Dotarliśmy bezpiecznie do szpitala. Wciąż skupiałam się na jak najmocniejszym ucisku na ranę. Nie chciałam by Ikjoon umarł w moich rękach.

- Gdzie HaRam?! - usłyszałam krzyk ojca.

- Spokojnie. - odezwał się BanRyu ,wciąż bardzo przejęty. - HaRam nic nie jest. - odpowiedział i wniesiono mnie z noszami do szpitala.

- Co jest? - podszedł bliżej mój ojciec zakładając rękawiczki.

- Tętnica pod obojczykiem. - skinął głową. - Więcej nie zdążyłam.

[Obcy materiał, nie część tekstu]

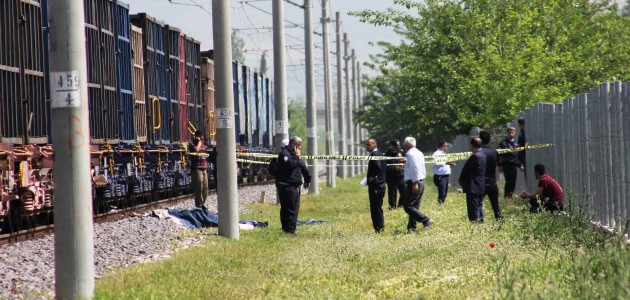 Trenin çarptığı baba ve kucağındaki bebeği öldü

- Wytrzymasz? - pytał zmartwiony.

- Nie mam wyjścia Ordynatorze. - uśmiechnęłam się blado i wróciłam spojrzeniem na rannego, który był coraz bledszy. Spuściłam wzrok na własne dłonie. Krew zaczęła zasychać na moich palcach.

- Co z kierowcą? - spróbowałam odciągnąć jakoś umysł od zmęczonych rąk, gdy przewozili nas na blok.

- Złamanie otwarte lewej nogi. - odparł BanRyu już w fartuchu. - Yunho go poskłada. - zapewnił mówiąc o ortopedzie. Żałowałam ,że znów zmarnowałam szansę szczerej rozmowy z Taehyngiem.